Meters that encourage people to reduce demand at peak hours will translate to less need for power plants – particularly ones that are only called into service during streaks of hot or cold weather.
In states where rates are still regulated, utilities earn a virtually guaranteed profit on their generating stations. Even if a power plant runs only one hour a year, the utility earns a healthy return on its cost.
In a competitive market, it is the spikes in demand that cause prices to soar for brief periods. Flattening out the peaks would be disastrous for some power plant owners, which could go bankrupt if the profit they get from peak prices were to ebb significantly.

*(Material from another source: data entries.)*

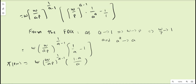As a converges to 1, from the first-order condition w converges to p, so w/p converges to 1. Therefore (w/p)^(a-1) converges to 1, and (a-1) in the exponent approaches 0, making that term equal to 1. Also, a^a converges to a ≈ 1. So 1/a^a becomes 1/a, and the bracket becomes 1/a - 1 = (1-a)/a. The profit function is therefore π(p,w) = (w/ap)^(1/(a-1)) · (1-a)/a, valid for a converging to 1.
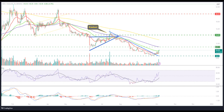The AVAX price took support on the 38.2% FIB zone and showed a reversal. At press time, the AVAX coin price was trading at $10.20 with an intraday gain of 4.79%, showing buying momentum in yesterday's market session. Moreover, the trading volume increased by 5.89% to $221.31 million.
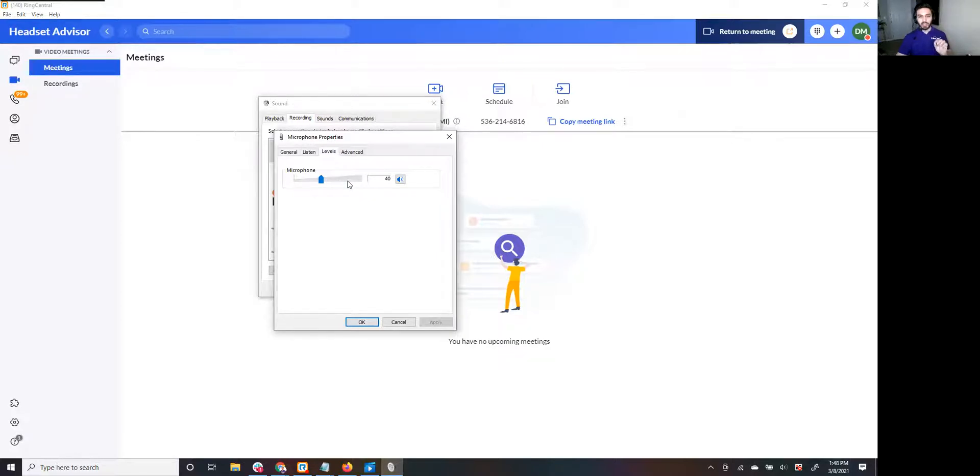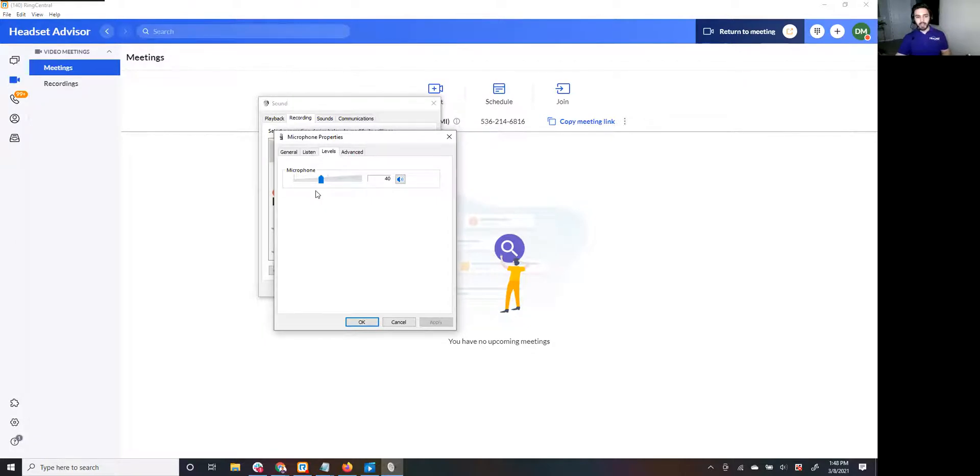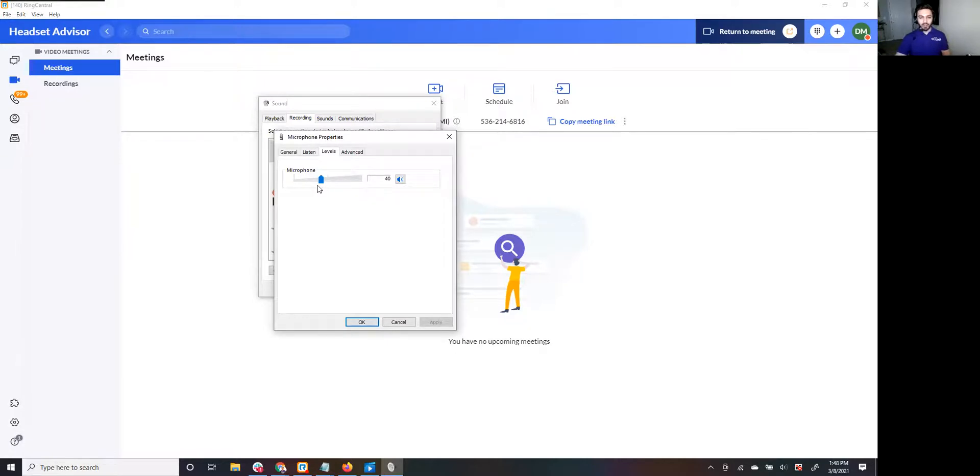One more tip that I'm going to share with you for even better performance is sometimes when you're using third-party applications, the third-party apps will automatically adjust your microphone. So say you would bring this to 40 and you go into another app, it's going to adjust it up to 100 without you telling it to do so, which can be less than ideal because you bring it to 40 for the best performance and then it automatically goes up to 100 and then you're blaring to the callers on the other end.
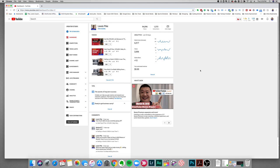Hey, what's up. Today we want to do a quick video on how to live stream a pre-recorded video to YouTube using OBS, so let's go ahead and jump into it. The first thing you want to do is go to your YouTube channel.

But as awareness of “smart meters” grows, so does demand for them, not only from consumers and environmental groups but also from government bodies responding to public anger over rising power prices. In Illinois, for example, the legislature passed a law in December requiring the program Ms. Kinch joined four years ago to be expanded from 1,100 customers to 110,000.
The law also required that Commonwealth Edison, the Chicago utility, hire a third party to run the program. It chose Comverge Inc., the largest provider of peak-load energy management systems in North America.
The smart metering programs are not new, but their continued rarity speaks in part to the success of power-generating companies in protecting their profit models. Some utilities did install meters in a small number of homes as early as three decades ago, pushed by the environmental movement and a spike in energy prices.
Today, the same set of circumstances seems to be prompting a revival of interest, and even the utility companies seem resigned to the eventuality of such programs. Anne R. Pramaggiore, the senior vice president for regulatory affairs at Commonwealth Edison of Chicago, said that in the past, interest in hourly meter was transitory.
“We really haven’t dealt with these issues for 30 years,” she said.
But a sustained effort to install more meters is likely now because of what Ms. Pramaggiore called a “fundamental change” in the energy markets. Rising fuel costs and environmental concerns are – once again – front and center.
When consumers know the price of their electricity in advance and can tailor their use, even minor changes in behavior can lead to lower home utility bills and less reliance on marginal power plants, said Kathleen Spees, a graduate student in engineering and public policy at Carnegie Mellon.
“Small reductions in demand can produce very large savings,” said Ms.
Spees, who analyzed prices charged within the PJM Interconnection grid, which coordinates the movement of wholesale electricity for 51 million people from New Jersey to Illinois.
Consumers who cut back on power use at peak times can do more than just avoid high prices. They can make money, as people in the building on Central Park West learned last summer.
Peter Funk Jr., an energy partner at the law firm Duane Morris who lives in the 48-unit co-op, persuaded his neighbors three years ago to install a single meter to the Consolidated Edison system and then to operate their own internal metering system. That made the building big enough to qualify for hour-by-hour pricing.
When the next day’s prices are scheduled to soar, the building superintendent and a few residents get e-mail messages or phone calls. “We have an orderly plan all worked out to notify people” so they can reduce their power use during the designated times, Mr. Funk said.
The residents save more than just the money on power not used during peak periods, when pricing has been as high as almost 50 cents a kilowatt-hour. During the blackout in July, when parts of Queens were without electricity for up to nine days, the building cut demand as much as 42 percent and sold the unused capacity for about $3,000.
That money helps the building offer a valuable benefit: On most weekend mornings, electricity for residents is free.